▶ **Work instructions**: Please return the data word for word and leave out any picture it contains.
[Opening Entries shown section]
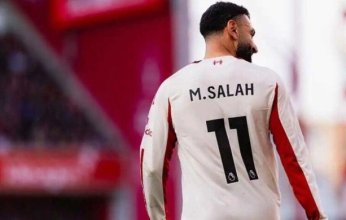 إنجاز تاريخي ينتظر صلاح أمام وست هام.. تفاصيل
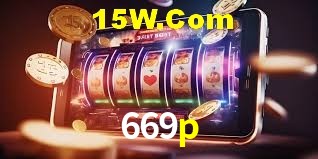 Games Directory 669p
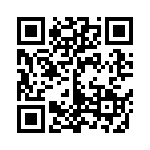 E41-17-12-3C94 QRCode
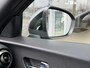 Nissan Juke Hybrid 143pk Tekna | Leder | BOSE | Navigatie | App Connect | All Season | Keyless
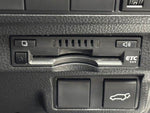 COROLLA CROSS HYBRID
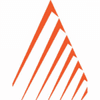 Sosaley Technologies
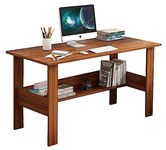 72 Inch Desk For Home Office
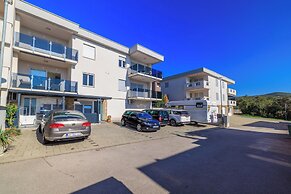 Apartment Jana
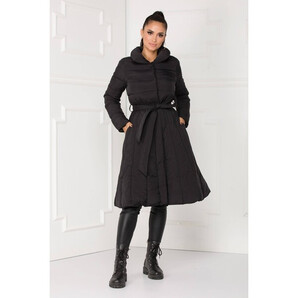 Jacheta Leny Neagra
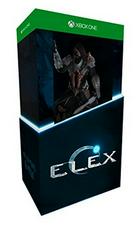 Elex [Collector's Edition] Xbox One Prices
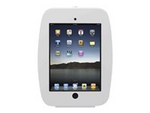 Space iPad Mini VESA Display Tablet Frame monteringssats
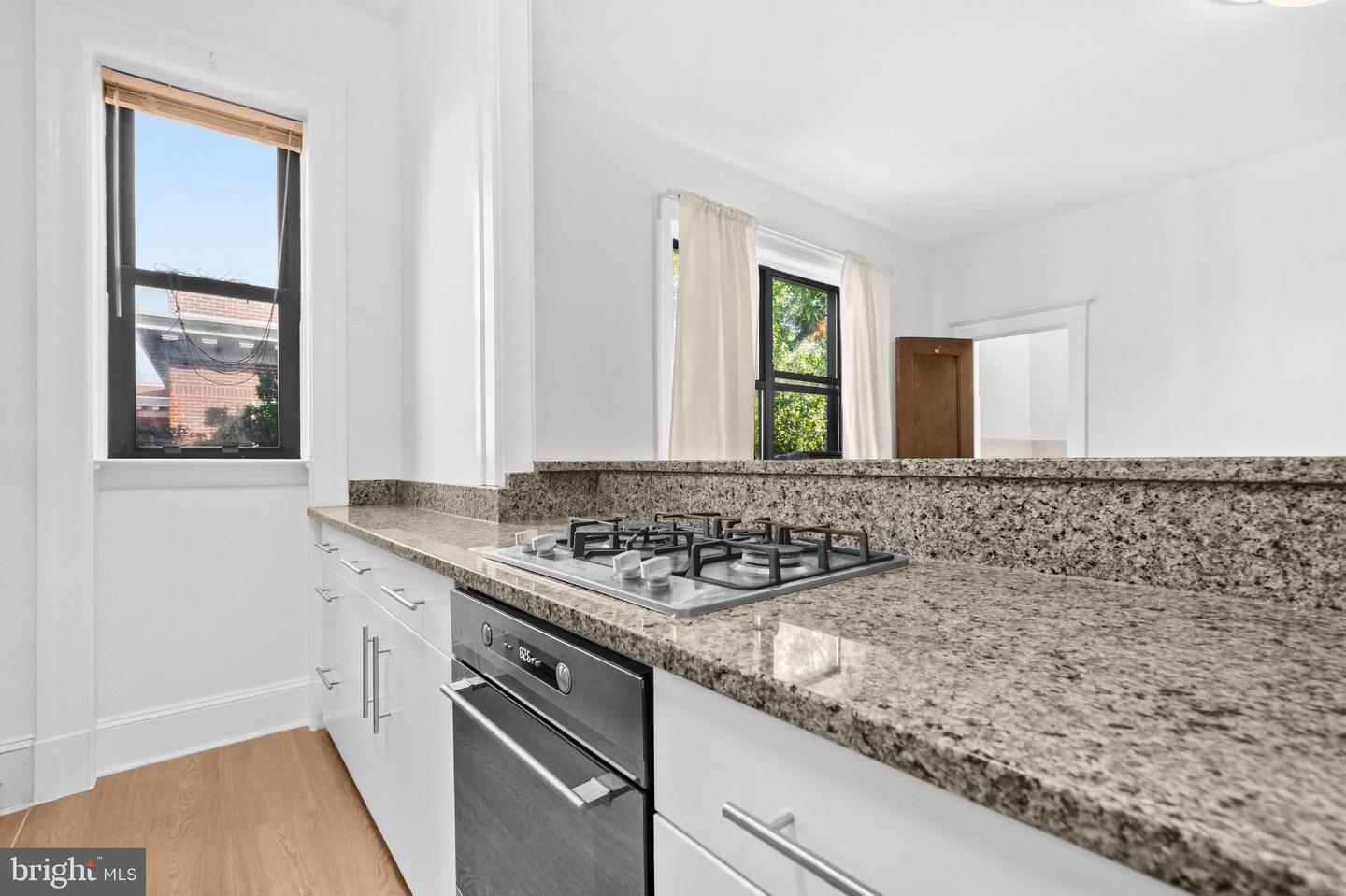 1514 17th Nw #404 Property Photo 10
[Closing Entries shown section]
▶ **Answer to this exercise**:
 إنجاز تاريخي ينتظر صلاح أمام وست هام.. تفاصيل
 Games Directory 669p
 E41-17-12-3C94 QRCode
 Nissan Juke Hybrid 143pk Tekna | Leder | BOSE | Navigatie | App Connect | All Season | Keyless
 COROLLA CROSS HYBRID
 Sosaley Technologies
 72 Inch Desk For Home Office
 Apartment Jana
 Jacheta Leny Neagra
 Elex [Collector's Edition] Xbox One Prices
 Space iPad Mini VESA Display Tablet Frame monteringssats
 1514 17th Nw #404 Property Photo 10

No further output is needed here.